Train operator Northern has said it will keep ticket offices open, but that they may stop selling tickets.
The firm, which could be renationalised over its poor performance, said the function of its staffed offices is likely to change across its network.
Northern's stakeholder manager Pete Myers told a public meeting that more train tickets are being bought on mobile phones.
As a result, he said, staff were more likely to be employed to give travel information instead.
Mr Myers made the statement in response to a question from a member of the public at a meeting with passenger representatives in Wakefield on Thursday.
Asked about the availability of tickets at some stations, he said: "We have no intention of cutting ticket offices.
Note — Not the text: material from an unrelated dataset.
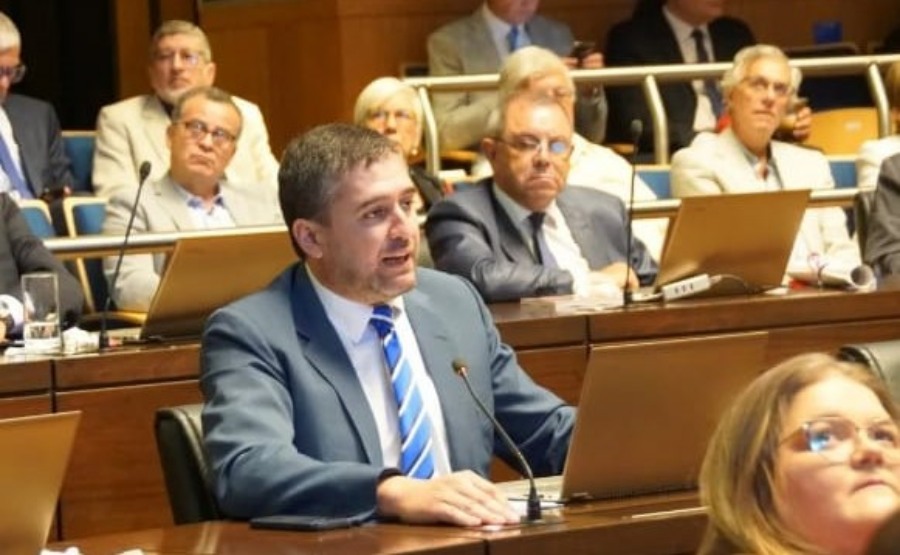 Javier Mela: "Sería muy grave que no asuma un Diputado en reemplazo de Kiczka, esperemos que se respete la Constitución"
I can say that because it's true.
"But we do have to understand that the need for ticket offices will change.
"It will be less about selling tickets and more about giving advice.
"That's the way we look at it, because the number of sales through mobile phones has increased.
"So the use of them will change, but we have no intention of closing them."
Mr Myers also addressed Northern's latest punctuality figures, which he admitted were "not as encouraging as they might have been".
Around 84 per cent of the franchise's trains turned up within five minutes of its expected arrival time during the summer.
Explaining the reasons behind that, he said: "There's still a lot of delays on the other side of the Pennines, which have had a knock-on effect on the Leeds side.
The performance is better than this time last year, but last year was lousy."